An Acme company want to give bonus to their sales team. In order to decide which person is the best and how much amount of bonus should be distributed, their use a methodology called "data-driven", by collecting all sales person data for each days. There are three data that their collect: how many kilometers did the person travel each day to the clients, how many clients they meets each day, and how many deals their made each day.
At the end of months we got the reports for the three salesmen sorted by distance, number of clients, and number of deals; in descending order:
+------------+----------------+-------------------------+-------------+ | Sales name | Total distance | Total potential clients | Total deals | +------------+----------------+-------------------------+-------------+ | John | 204 km | 30 | 3 | +------------+----------------+-------------------------+-------------+ | Jerry | 150 km | 10 | 8 | +------------+----------------+-------------------------+-------------+ | Jane | 103 km | 22 | 4 | +------------+----------------+-------------------------+-------------+
The management looks at the data and find that the distance number is larger and decided to use that as measurement for giving bonus.
* * *
An IT department wants to measure the performances of their developer. Once again, they decide to use "data-driven" by collecting number of commits each developers made each day, number of bugs they solved each days, and number of tasks their completed each days.

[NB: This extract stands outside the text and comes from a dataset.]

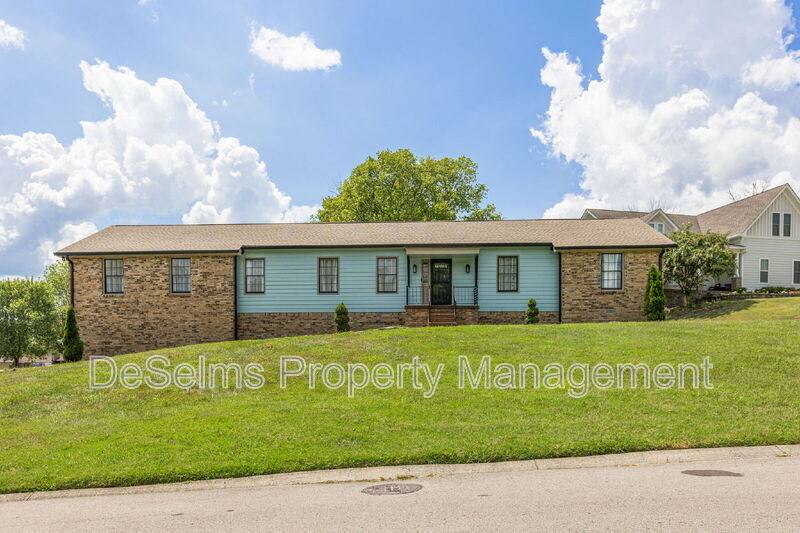 House for rent at 6999 Tartan Dr, Brentwood, TN 37027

At the end of the months, the management get the following reports,
+--------+---------------+-------------------+-----------------------+ | Name | Total commits | Total bugs fixed | Total tasks completed | +--------+---------------+-------------------+-----------------------+ | John | 204 | 30 | 3 | +--------+---------------+-------------------+-----------------------+ | Jerry | 150 | 10 | 8 | +--------+---------------+-------------------+-----------------------+ | Jane | 103 | 22 | 4 | +--------+---------------+-------------------+-----------------------+
The management thoughts that the commits number can be manipulated, so they decided to based the performances based on the total of bugs fixed. One thing that management not know is the bugs that the developer John fixed is from the 3 tasks that he completed.
* * *
A food manufacture that produce instant foods has four pipelines. The first pipeline is for preparing and cleaning up the materials, handled by one machine. The second pipeline is for cooking up the materials, handled by three machines. The third pipeline is for finishing and quality assurance, handled by one machine and by two humans for checking and sampling the output. The last pipeline is packaging, handled by one machine and three humans to store and load the packages.

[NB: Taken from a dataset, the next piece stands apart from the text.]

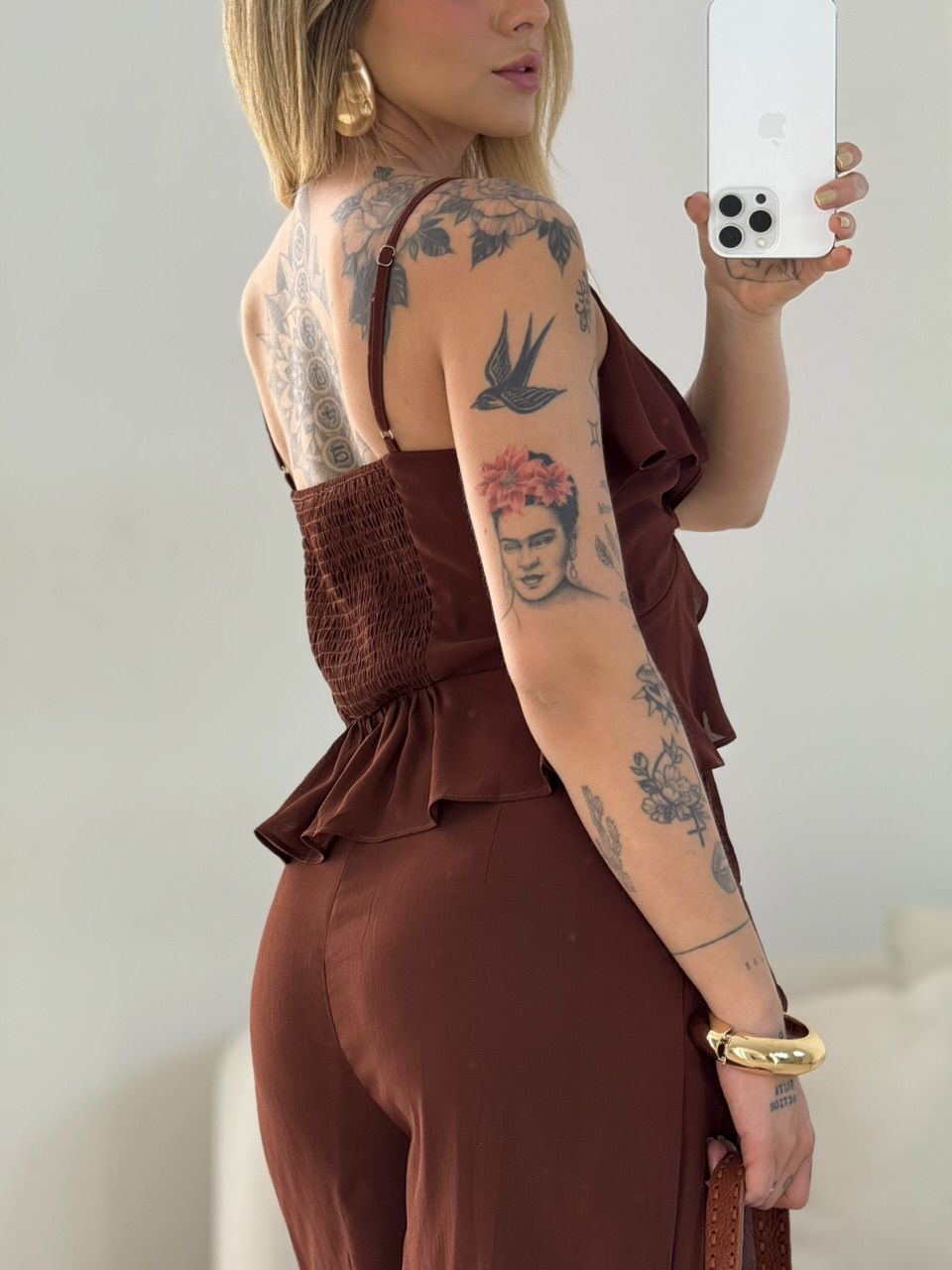 CONJUNTO CINDY BABADO MARROM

Given 1000 materials each day, the manufacture can only produce around 800 foods with left over 200 materials from the first pipeline and around 100 produced foods not sampled by humans. Also, most of the times 5 to 10% output got rejected due to the taste is not good, "a little bit stale" according to one of the human that test it, "taste weird" according to others.
The inspector trying to figure out why there is a left over materials and why some finished foods is rejected. First, they measure the time in each pipeline, how long the process take times from the start until it finished and get processed by the next pipeline. Second, they measure the number of input and output produced by each pipeline. Third they measure the number of sample that each quality assurance check each day.
After the data has been collected, the inspector see the report:
+-----------+----------------+-------------+--------------+--------------+ | Pipeline | Time (minutes) | Total input | Total output | Total sample | +-----------+----------------+-------------+--------------+--------------+ | 1st | 30 | 100 | 100 | 0 | +-----------+----------------+-------------+--------------+--------------+ | 2nd | 320 | 100 | 100 | 0 | +-----------+----------------+-------------+--------------+--------------+ | 3rd | 60 | 100 | 95 | 5 | +-----------+----------------+-------------+--------------+--------------+ | 4th | 60 | 95 | 9 boxes | 0 | +-----------+----------------+-------------+--------------+--------------+
The inspector see that the second pipeline take most of times and concluded that they need to add more machines to decrease the process.
The factory add the second machine to the second pipeline and gather new data.
+-----------+----------------+-------------+--------------+--------------+ | Pipeline | Time (minutes) | Total input | Total output | Total sample | +-----------+----------------+-------------+--------------+--------------+ | 1st | 30 | 100 | 100 | 0 | +-----------+----------------+-------------+--------------+--------------+ | 2nd | 110 | 100 | 100 | 0 | +-----------+----------------+-------------+--------------+--------------+ | 3rd | 110 | 100 | 95 | 5 | +-----------+----------------+-------------+--------------+--------------+ | 4th | 110 | 95 | 9 boxes | 0 | +-----------+----------------+-------------+--------------+--------------+
The time to process on the second pipeline decreased but the time on third and fourth pipelines now increased due to amount of input that need to be processed double.
A couple of weeks later, a government from public health department inspect the factory after some reports from people that they got sicks from the instant foods that the factory produced.
Upon inspection they found that 40% of raw materials that they use are not fresh and there is a dead insects in one of pipeline due to the sweetness that attract them.
* * *
All of the examples above is fictitious, especially the first one, since no sane manager could decide bonus based on number of distance.
The idea of this article is to show us that applying the "data-driven" in the wrong ways may result in the wrong decision, even worse, may blind us from the real issues and cause further damages to our self.